EIA adds Anadarko Basin to its Drilling Productivity Report

By Patrick C. Miller | August 21, 2017

The Energy Information Administration (EIA) has made two significant changes to its monthly Drilling Productivity Report (DPR).

To provide more complete coverage of U.S. crude and natural gas production, EIA expanded the report to include the Anadarko region, which covers most of the production from the Anadarko Basin in 24 Oklahoma counties and five counties in Texas. In addition, two other regions—the Marcellus and the Utica—have been combined into one Appalachia region.

According to EIA, the Anadarko Basin has a long history of hydrocarbon production. In recent years, it has seen an increase in activity mainly from two areas commonly known as the STACK (Sooner Trend Anadarko Canadian and Kingfisher) and the SCOOP (South Central Oklahoma Oil Province) plays.

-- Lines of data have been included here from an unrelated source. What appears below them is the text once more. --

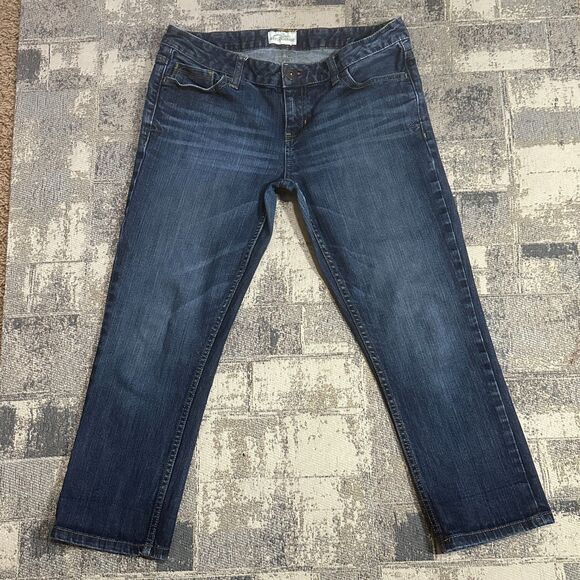 Aeropostale Capri Womens Jeans 9/10 Blue Dark Denim Flap Pockets Low Rise Pants - Picture 2 of 11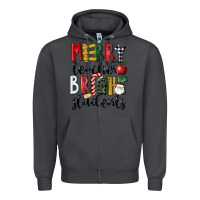 Smoke Merry Teacher Bright Students Christmas Zipper Hoodie - LillyAllenDesigns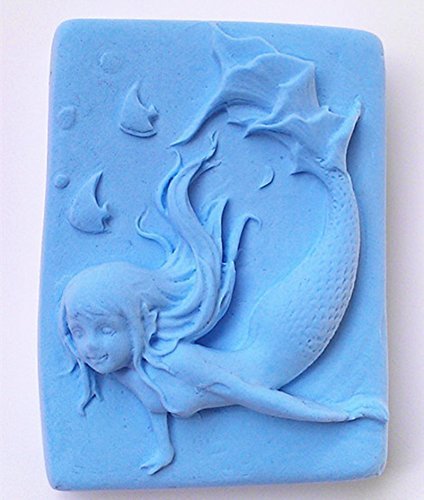 New Arrival! Design 302 The Mermaid Square Shape Silicone 3D Fondant Mold, Soap Mold,Cake Decoration Tool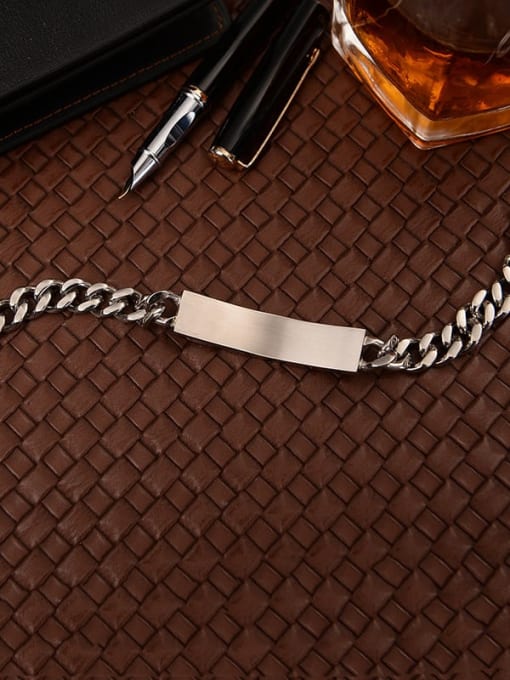 Ke Hong Titanium Minimalist geometry Link Bracelet 4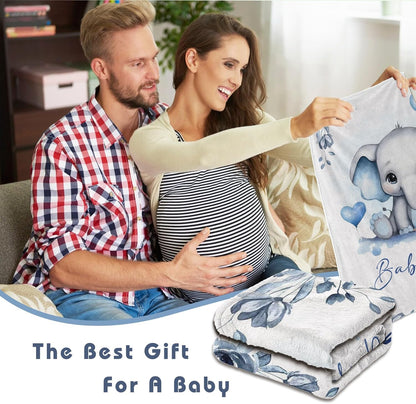 Personalized Baby Blanket for Boy Girl Newborn Custom Elephant Blanket with Name Customized Gifts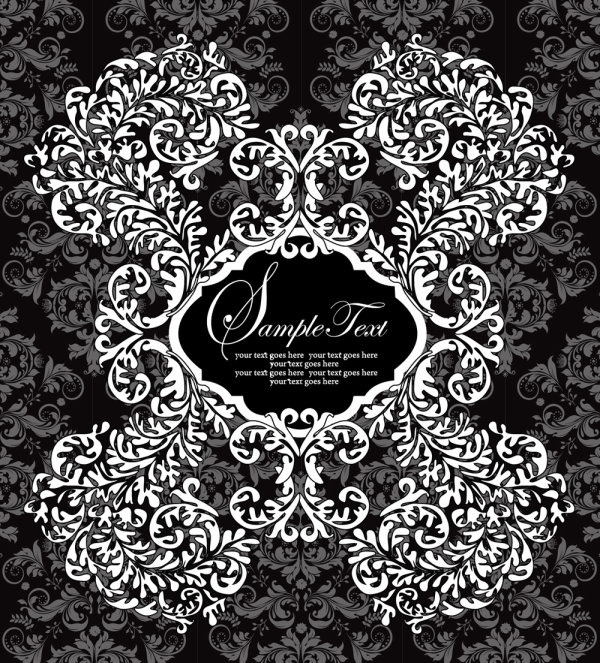 Black and white patterns 03 - vector material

EIA is combining the Marcellus and Utica regions into a single Appalachia region. The formations of the Appalachian Basin that make up the Marcellus and Utica plays span New York, Ohio, Pennsylvania and West Virginia. They overlap in some areas.

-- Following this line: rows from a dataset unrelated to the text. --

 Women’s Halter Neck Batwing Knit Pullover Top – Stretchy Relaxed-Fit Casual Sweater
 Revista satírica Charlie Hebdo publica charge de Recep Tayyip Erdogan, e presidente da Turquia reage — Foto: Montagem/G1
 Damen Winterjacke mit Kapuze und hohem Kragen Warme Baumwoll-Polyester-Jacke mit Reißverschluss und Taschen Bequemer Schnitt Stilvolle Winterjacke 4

As drilling activity and production in the Appalachia region have increased in recent years, the overlapping formations make it difficult to attribute production to the proper formation. Combining the two areas into the Appalachia region better reflects the underlying geology of these formations.

Before including the Anadarko, the DPR reported on 73 percent of all active onshore rigs in the U.S.—680 of the 928 onshore rigs nationwide as of July 2017. Including the 129 active rigs in the Anadarko region will increase the report’s coverage to 87 percent of all active U.S. onshore rigs.

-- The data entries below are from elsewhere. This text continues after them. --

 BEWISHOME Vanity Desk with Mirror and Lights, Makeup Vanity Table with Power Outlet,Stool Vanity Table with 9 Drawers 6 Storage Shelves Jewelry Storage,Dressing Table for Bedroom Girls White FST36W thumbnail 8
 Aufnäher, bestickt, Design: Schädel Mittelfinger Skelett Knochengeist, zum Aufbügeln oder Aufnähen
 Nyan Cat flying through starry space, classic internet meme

The Anadarko region accounts for approximately 450,000 barrels per day of oil production, 5.7 billion cubic feet per day of natural gas production, 13 percent of new wells drilled and 13 percent of drilled but uncompleted wells as of July 2017.

Production in the Anadarko region mainly comes from shale and limestone layers of the Meramec, Osage and Woodford formations. These formations are deep, but offer thick layers of shales—thicker than those in the Bakken formation and similar to those in the Eagle Ford formation.

Other producing formations in the region include the Granite Wash, Cleveland, Tonkawa and Marmaton, which are mainly located in Texas. However, EIA said the most prolific counties to date are in Oklahoma.